------ EXERCISE DATA ------
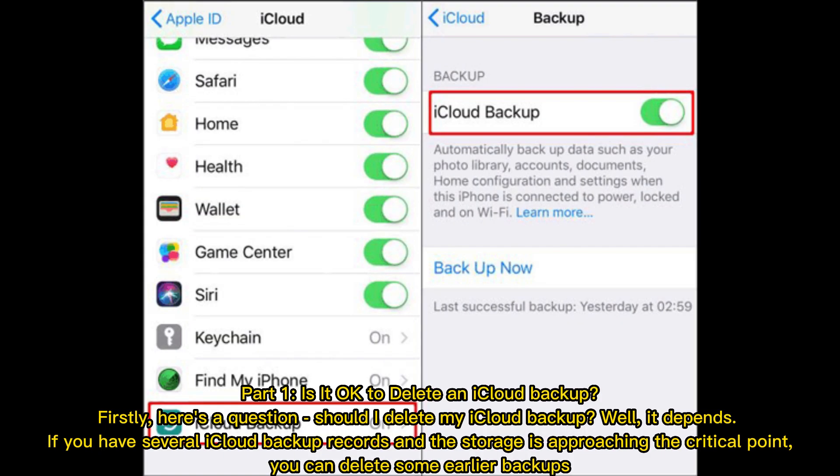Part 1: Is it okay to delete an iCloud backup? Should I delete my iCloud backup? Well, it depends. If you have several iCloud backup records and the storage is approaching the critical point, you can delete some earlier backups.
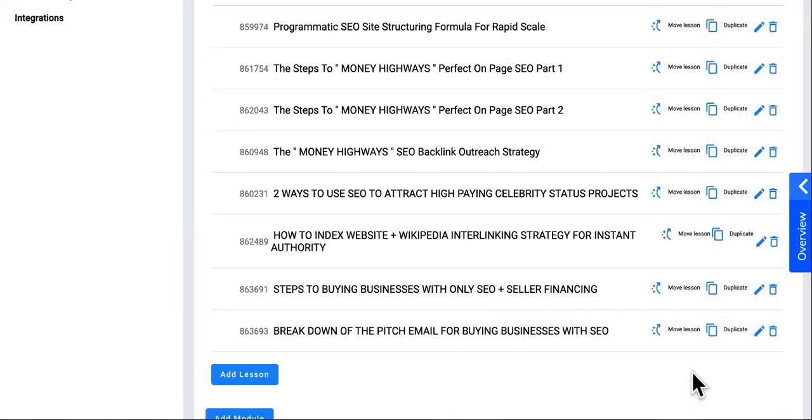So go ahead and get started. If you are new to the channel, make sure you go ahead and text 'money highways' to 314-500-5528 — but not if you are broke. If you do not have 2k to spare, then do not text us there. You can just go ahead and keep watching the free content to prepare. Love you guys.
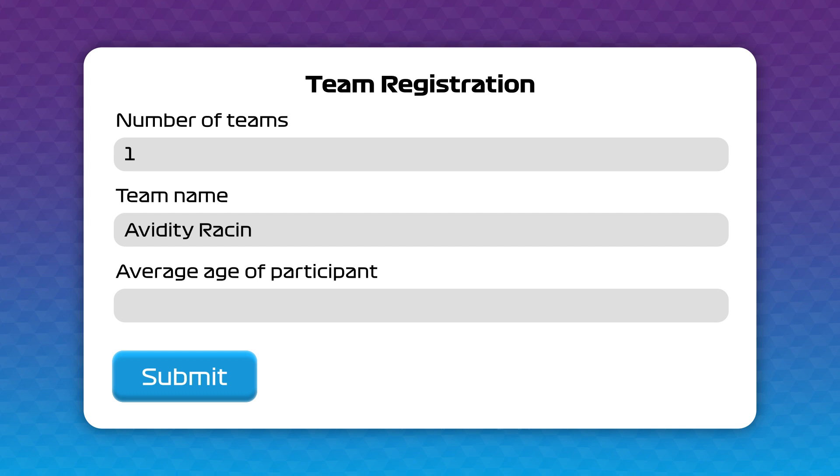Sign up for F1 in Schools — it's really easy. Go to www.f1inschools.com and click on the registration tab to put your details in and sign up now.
------
▸ INSTRUCTIONS TO FOLLOW: Without the pictures, repeat the listing word for word.

▸ YOUR SOLUTION:
Part 1: Is it okay to delete an iCloud backup? Should I delete my iCloud backup? Well, it depends. If you have several iCloud backup records and the storage is approaching the critical point, you can delete some earlier backups.
So go ahead and get started. If you are new to the channel, make sure you go ahead and text 'money highways' to 314-500-5528 — but not if you are broke. If you do not have 2k to spare, then do not text us there. You can just go ahead and keep watching the free content to prepare. Love you guys.
Sign up for F1 in Schools — it's really easy. Go to www.f1inschools.com and click on the registration tab to put your details in and sign up now.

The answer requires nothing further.